* What you need to do *
In the data below, find the line containing "Zaštita od sunca", then set down that line and every later line up to and including the line containing "Detail Desain Minimalis", exactly.

* Supplied entries *
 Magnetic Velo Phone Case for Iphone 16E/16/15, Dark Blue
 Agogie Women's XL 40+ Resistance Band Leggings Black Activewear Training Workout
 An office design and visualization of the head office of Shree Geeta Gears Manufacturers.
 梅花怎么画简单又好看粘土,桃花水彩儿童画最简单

* * *

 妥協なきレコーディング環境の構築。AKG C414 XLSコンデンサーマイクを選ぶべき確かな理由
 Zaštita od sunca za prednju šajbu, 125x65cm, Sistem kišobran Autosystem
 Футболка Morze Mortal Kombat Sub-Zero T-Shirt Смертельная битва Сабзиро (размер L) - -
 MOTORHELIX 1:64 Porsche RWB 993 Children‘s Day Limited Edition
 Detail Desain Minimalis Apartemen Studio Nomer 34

* Written answer *
 Zaštita od sunca za prednju šajbu, 125x65cm, Sistem kišobran Autosystem
 Футболка Morze Mortal Kombat Sub-Zero T-Shirt Смертельная битва Сабзиро (размер L) - -
 MOTORHELIX 1:64 Porsche RWB 993 Children‘s Day Limited Edition
 Detail Desain Minimalis Apartemen Studio Nomer 34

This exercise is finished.